VFS caching

Question about which tools to use, bugs, the best way to implement a function, etc should go here. Don't forget to see if your question is answered in the wiki first! When in doubt post here.
Post Reply
User avatar
zity
Member
Member
Posts: 99
Joined: Mon Jul 13, 2009 5:52 am
Location: Denmark

VFS caching

Post by zity »

Hi
I have decided to rewrite the code for my virtual file system in order to implement some new features, one of them being caching of directory entries (I'm not going to worry about caching of file data, not yet). My problem is simple, the solution apparently not so much. How should I store the directory entries in my cache?

I have been thinking about this for a while, but I cannot seem to find a solution that fit my needs.
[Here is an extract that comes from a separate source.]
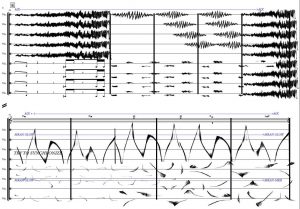 Page from A la Recherche du Temps - Doloroso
I want it to be easy to look up a given file or directory and it should be possible to edit the cache when a file is changed or deleted. When a file is changed I will find it acceptable if the entire directory must be re-fetced into the cache from the actual file system, so the problem is more or less how to structure the cache itself.

My "solution" so far is a cache for each mount point with a two-level tree like structure. The structure contains a list of all cached directories identifiable by file name and inode. Each of these directory entries contains a list of all files (and directories) inside this directory. What do you think? I would like some comments on this :)
gerryg400
Member
Member
Posts: 1801
Joined: Thu Mar 25, 2010 11:26 pm
Location: Melbourne, Australia

Re: VFS caching

Post by gerryg400 »

I don't think you need to keep the entire contents of a directory cached. The dcache only needs to contain entries that will be requested often.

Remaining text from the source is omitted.